I had my two kids three years apart. Beautiful ‘pigeon pair’, relatively easy delivery, supportive family, almost enjoyable breastfeeding. All went well.

I noticed a problem after my second one, though. I was losing a small amount of urine when I coughed or laughed too much.
Naturally, I asked around. The ever-helpful mums from the local community reassured me that this was how it was supposed to be. They told me I should wear this little disability as a badge of honour. All that was said with the demeanour of experienced matrons. I had to trust them.
Or not. I went to my GP to check this out.
My GP, a 30+ woman, a mother herself, reassured me that what I had was ‘normal’. However, some things could be done to alleviate the problem.
She promptly referred me to a ‘maternity’ physio. The physio, another 30+ mum and a lovely jovial person reassured me that all would be well. After all, I was young, a former athlete who did twelve years of ballet.

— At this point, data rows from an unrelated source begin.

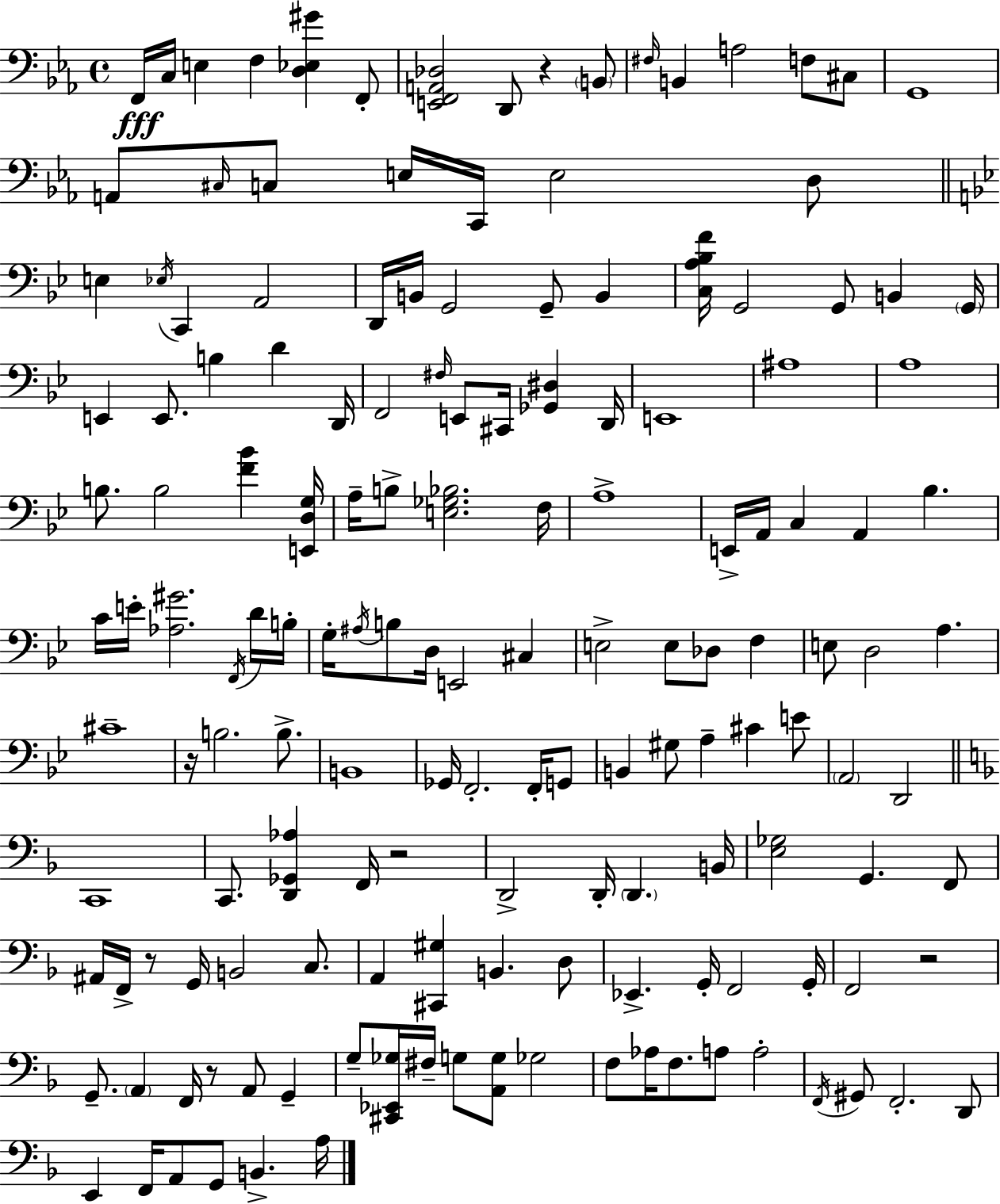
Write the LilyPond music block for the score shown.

{
  \clef bass
  \time 4/4
  \defaultTimeSignature
  \key c \minor
  \repeat volta 2 { f,16\fff c16 e4 f4 <d ees gis'>4 f,8-. | <e, f, a, des>2 d,8 r4 \parenthesize b,8 | \grace { fis16 } b,4 a2 f8 cis8 | g,1 | \break a,8 \grace { cis16 } c8 e16 c,16 e2 | d8 \bar "||" \break \key g \minor e4 \acciaccatura { ees16 } c,4 a,2 | d,16 b,16 g,2 g,8-- b,4 | <c a bes f'>16 g,2 g,8 b,4 | \parenthesize g,16 e,4 e,8. b4 d'4 | \break d,16 f,2 \grace { fis16 } e,8 cis,16 <ges, dis>4 | d,16 e,1 | ais1 | a1 | \break b8. b2 <f' bes'>4 | <e, d g>16 a16-- b8-> <e ges bes>2. | f16 a1-> | e,16-> a,16 c4 a,4 bes4. | \break c'16 e'16-. <aes gis'>2. | \acciaccatura { f,16 } d'16 b16-. g16-. \acciaccatura { ais16 } b8 d16 e,2 | cis4 e2-> e8 des8 | f4 e8 d2 a4. | \break cis'1-- | r16 b2. | b8.-> b,1 | ges,16 f,2.-. | \break f,16-. g,8 b,4 gis8 a4-- cis'4 | e'8 \parenthesize a,2 d,2 | \bar "||" \break \key f \major c,1 | c,8. <d, ges, aes>4 f,16 r2 | d,2-> d,16-. \parenthesize d,4. b,16 | <e ges>2 g,4. f,8 | \break ais,16 f,16-> r8 g,16 b,2 c8. | a,4 <cis, gis>4 b,4. d8 | ees,4.-> g,16-. f,2 g,16-. | f,2 r2 | \break g,8.-- \parenthesize a,4 f,16 r8 a,8 g,4-- | g8-- <cis, ees, ges>16 fis16-- g8 <a, g>8 ges2 | f8 aes16 f8. a8 a2-. | \acciaccatura { f,16 } gis,8 f,2.-. d,8 | \break e,4 f,16 a,8 g,8 b,4.-> | a16 } \bar "|."
}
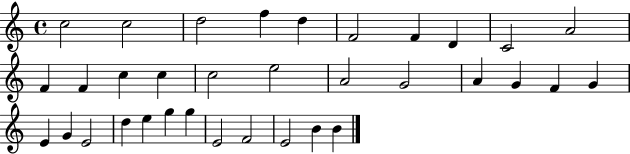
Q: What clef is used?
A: treble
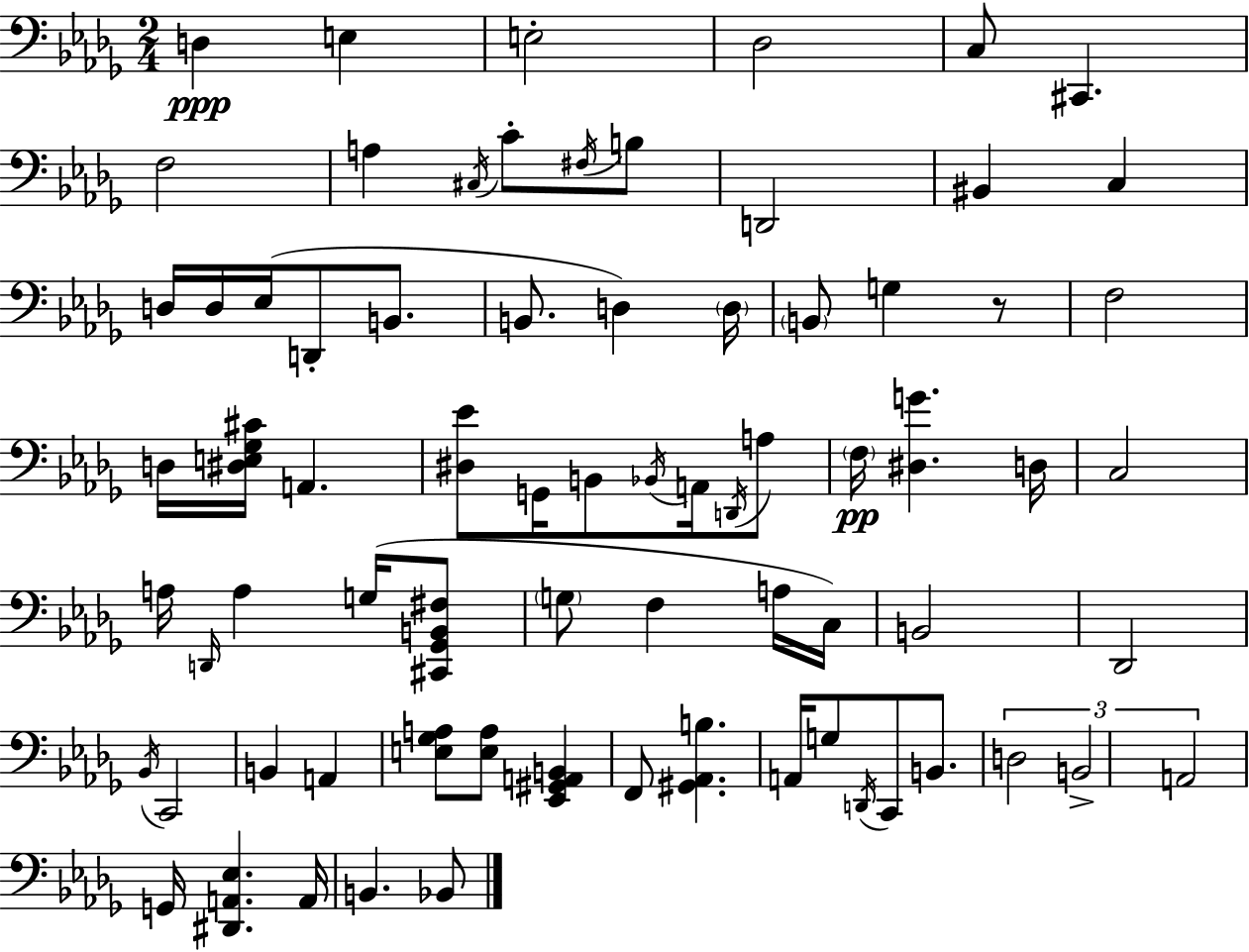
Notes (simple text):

D3/q E3/q E3/h Db3/h C3/e C#2/q. F3/h A3/q C#3/s C4/e F#3/s B3/e D2/h BIS2/q C3/q D3/s D3/s Eb3/s D2/e B2/e. B2/e. D3/q D3/s B2/e G3/q R/e F3/h D3/s [D#3,E3,Gb3,C#4]/s A2/q. [D#3,Eb4]/e G2/s B2/e Bb2/s A2/s D2/s A3/e F3/s [D#3,G4]/q. D3/s C3/h A3/s D2/s A3/q G3/s [C#2,Gb2,B2,F#3]/e G3/e F3/q A3/s C3/s B2/h Db2/h Bb2/s C2/h B2/q A2/q [E3,Gb3,A3]/e [E3,A3]/e [Eb2,G#2,A2,B2]/q F2/e [G#2,Ab2,B3]/q. A2/s G3/e D2/s C2/e B2/e. D3/h B2/h A2/h G2/s [D#2,A2,Eb3]/q. A2/s B2/q. Bb2/e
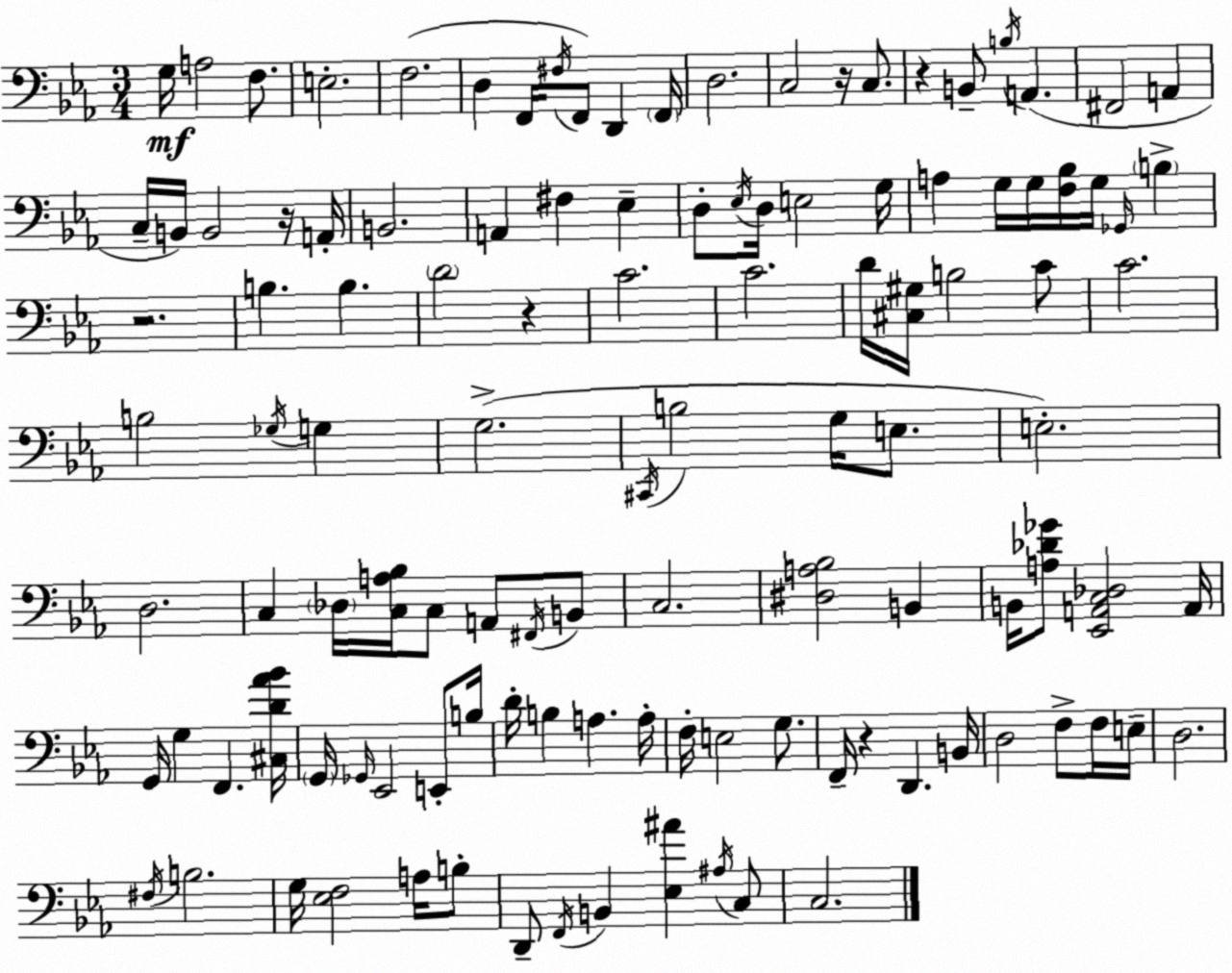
X:1
T:Untitled
M:3/4
L:1/4
K:Cm
G,/4 A,2 F,/2 E,2 F,2 D, F,,/4 ^F,/4 F,,/2 D,, F,,/4 D,2 C,2 z/4 C,/2 z B,,/2 B,/4 A,, ^F,,2 A,, C,/4 B,,/4 B,,2 z/4 A,,/4 B,,2 A,, ^F, _E, D,/2 _E,/4 D,/4 E,2 G,/4 A, G,/4 G,/4 [F,_B,]/4 G,/4 _G,,/4 B, z2 B, B, D2 z C2 C2 D/4 [^C,^G,]/4 B,2 C/2 C2 B,2 _G,/4 G, G,2 ^C,,/4 B,2 G,/4 E,/2 E,2 D,2 C, _D,/4 [C,A,_B,]/4 C,/2 A,,/2 ^F,,/4 B,,/2 C,2 [^D,A,_B,]2 B,, B,,/4 [A,_D_G]/2 [_E,,A,,C,_D,]2 A,,/4 G,,/4 G, F,, [^C,D_A_B]/4 G,,/4 _G,,/4 _E,,2 E,,/2 B,/4 D/4 B, A, A,/4 F,/4 E,2 G,/2 F,,/4 z D,, B,,/4 D,2 F,/2 F,/4 E,/4 D,2 ^F,/4 B,2 G,/4 [_E,F,]2 A,/4 B,/2 D,,/2 F,,/4 B,, [_E,^A] ^A,/4 C,/2 C,2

There was nothing to worry about. Life was like at the beginning of some movie about a happy family living a life of abundance in an affluent community.
There was still something bugging me about my now little problem. I could not quite accept the reassurance that I had received. Is it just anxiety?
Acting decisively, I was back at my GP the week after preparing myself for a tough conversation. My GP did not dismiss me at all. Instead, she examined me thoroughly and ordered some tests, including a mammogram.
A mammogram is an X-ray of the breast. It shows if there is anything wrong with the breasts. My mammogram did show something wrong. It was breast cancer.
I experienced shock and disbelief.
Later, my GP explained that some breast cancers cause hormone changes. The change in hormones caused dryness in the urethra and the bladder. Losing a bit of urine or incontinence was caused by that dryness.
The long and difficult road to health is ahead of me.